Planung ist das halbe Leben

Eines Tages wollte ein Jemand eine Reise tun. Dann merkte er jedoch, dass er nicht gerne Sachen tut, sondern viel lieber unternimmt. Das klingt nämlich viel feiner und gehobener. So verließ er das Haus und stellte fest, dass es regnete. Er wurde nass und verlor seine Reiselust. Also ging er zurück in seine Wohnung und beschloss, stattdessen mit dem Schreiben anzufangen. Er war schließlich ein spontanes Kerlchen und das konnte sich nur positiv auf seine Texte auswirken.

Und das tat es auch. Was ihm an Fachbegriffen fehlte, machte er mit Randnotizen, Abschweifungen und Einschüben wieder wett, die den Leser überraschten, in die Irre führten und dennoch an seine Texte fesselten. Er heimste einiges an Lob ein und freute sich darüber.

Leider ist Freude immer so eine Sache. Sie kann nämlich schnell in Einbildung umschwenken. Und das geschah auch bei unserem Jemand. Das bedeutete nicht, dass er von nun an mit einem so erhobenem Haupt durch die Straßen lief, dass er bei aufkommenden Regenschauern vor dem Ertrinken gerettet werden musste. Er nahm nur das Schreiben zu ernst.

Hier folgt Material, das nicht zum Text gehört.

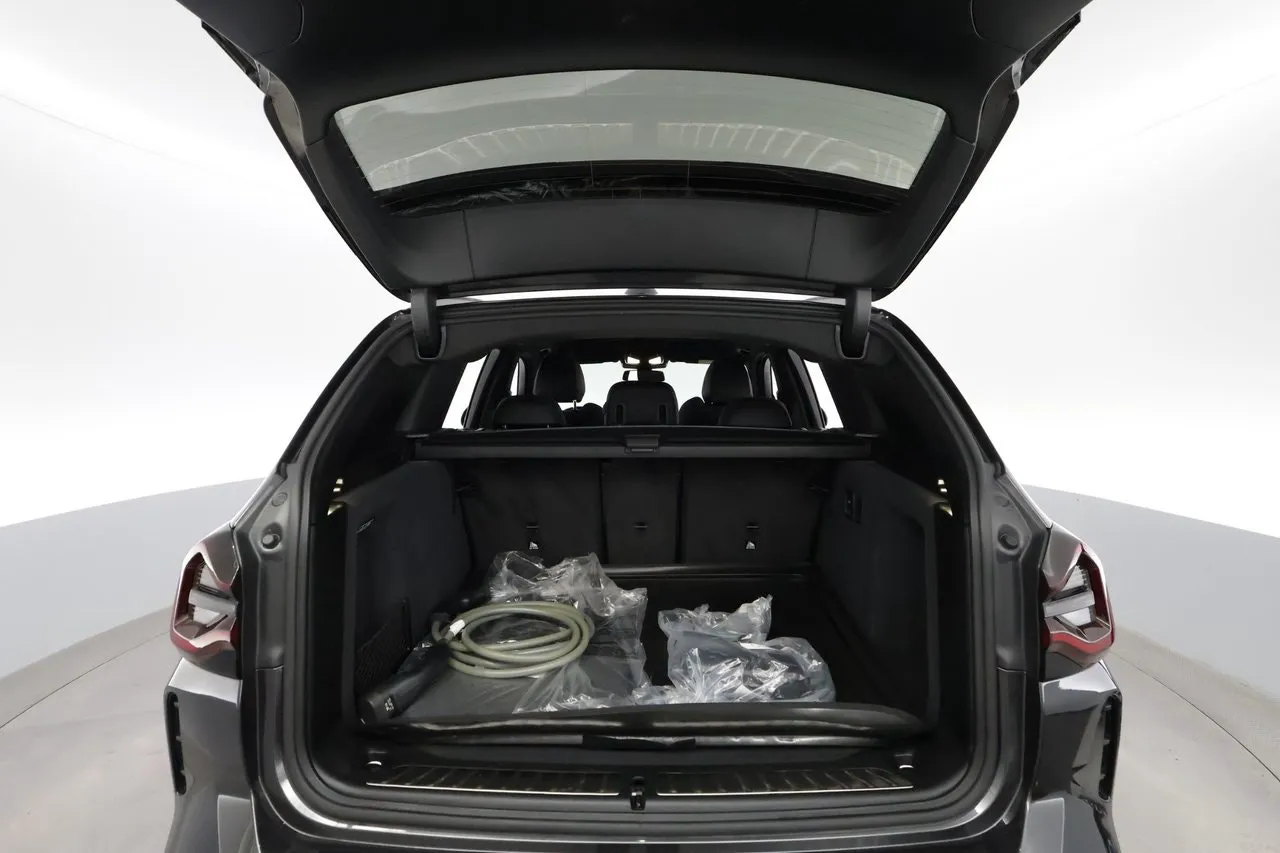 BMW iX3 bild 26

Hauptgrund dafür war das Abenteuer, auf das er sich eingelassen hatte. Er wollte ein Buch schreiben. Einen langen Text. Den längsten seines Lebens. Er setzte sich an seinen Schreibtisch, legte beide Arme mittig darauf und begann zu schwimmen. Wie ein Brustschwimmer ließ er seine Arme durch den Müll auf seinem Tisch gleiten und schaffte es so innerhalb von Sekunden, für eine saubere Arbeitsumgebung zu sorgen. Zufrieden stand er auf, um sich sein Werk zu betrachten, musste daraufhin jedoch feststellen, dass er seinen Schreibtischstuhl in dem Chaos verloren hatte. Also fuhr er in die Stadt und kaufte sich einen Neuen.

Dann ging es los. Der Jemand begann zu planen. Er plante den Anfang und das Ende des Buches. Dann den Mittelteil. Dann den genauen Weg, der die drei Streckenpunkte miteinander verband. Er programmierte seinen Kugelschreiber wie ein Navigationssystem und ließ sich nun von diesem durch seine frisch erschaffene Welt leiten. Er kam nie vom Weg ab und landete am Ende eine Punktlandung. Das Buch war ein voller Erfolg.

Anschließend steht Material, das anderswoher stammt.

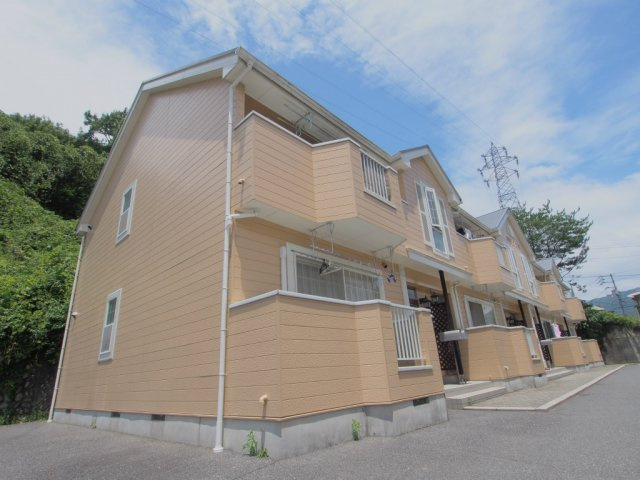 広島市安佐南区八木６丁目のアパートの外観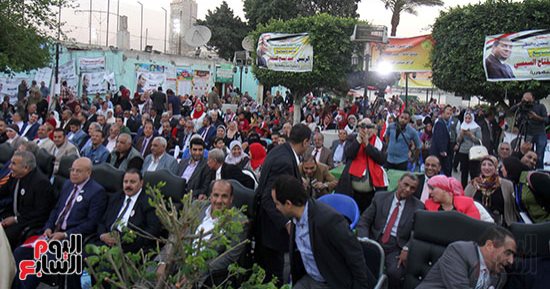 وكيل تعليم الجيزة: كل المشاكل يمكن حلها فى ظل وجود قائد مثل السيسى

Zwischen Planung und Veröffentlichung verstrichen etwa drei Jahre. In dieser Zeit wandte er seine Buchherangehensweise auch auf seine Kurztexte an. Er sammelte tagelang Ideen und setzte sie erst dann um, wenn er seinen Text bis zum Ende durchgeplant hatte. Am Ende musste er seine Text nur noch aus seinen Notizen abschreiben.

So zogen Monate ins Land und alles war gut. Unser Jemand hatte ein Buch veröffentlicht, bekam viele positive Rückmeldungen und schrieb fleißig weiter seine Kurztexte. Eines Tages geschah es dann: Er saß an einem Spielplatz und beobachtete zwei kleine Kinder, die sich gegenseitig mit dem Kot aus ihren Windeln bewarfen. Das taten sie so lange, bis ihre Eltern erschienen und sie anschrien. Daraufhin bewarfen sie ihre Eltern mit Kot. Das brachte den Jemand auf eine Idee. Er wollte ein zweites Buch schreiben.

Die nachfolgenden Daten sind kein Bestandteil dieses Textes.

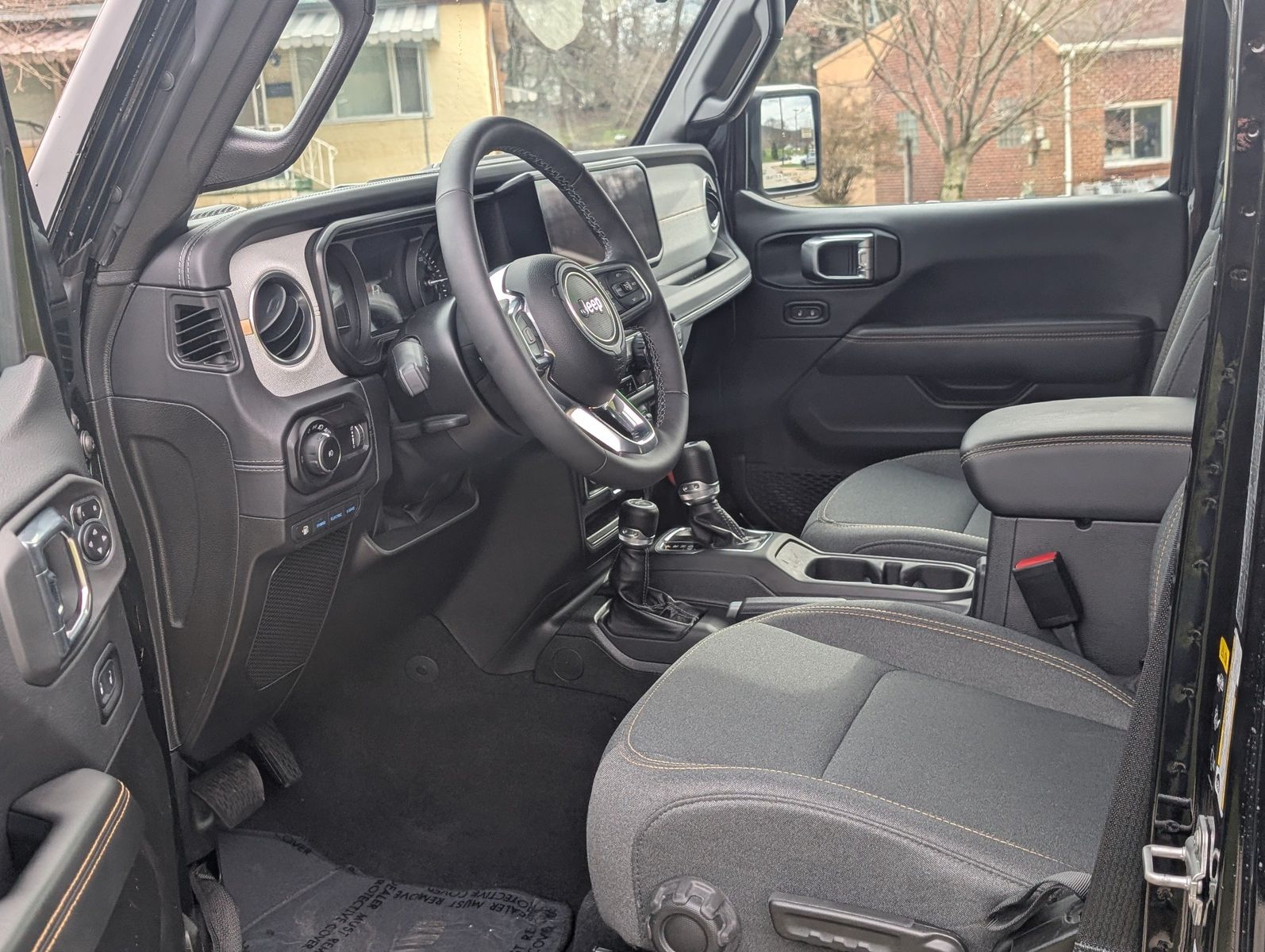2025 Jeep Wrangler 4xe 19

Gesagt, getan. Erneut schwamm er über seinen Schreibtisch, fand dabei seinen ersten Schreibtischstuhl wieder und verkaufte daraufhin seinen zweiten über das Internet an eine Hummerfabrik. Dann ging es los: Er zog Stift und Papier hervor und begann zu planen. Er hatte nach wenigen Stunden die ersten Kapitel fertig und wollte diese nun erst einmal umsetzen. Er nahm sich seine Notizen für das erste Kapitel und schrieb sie ab.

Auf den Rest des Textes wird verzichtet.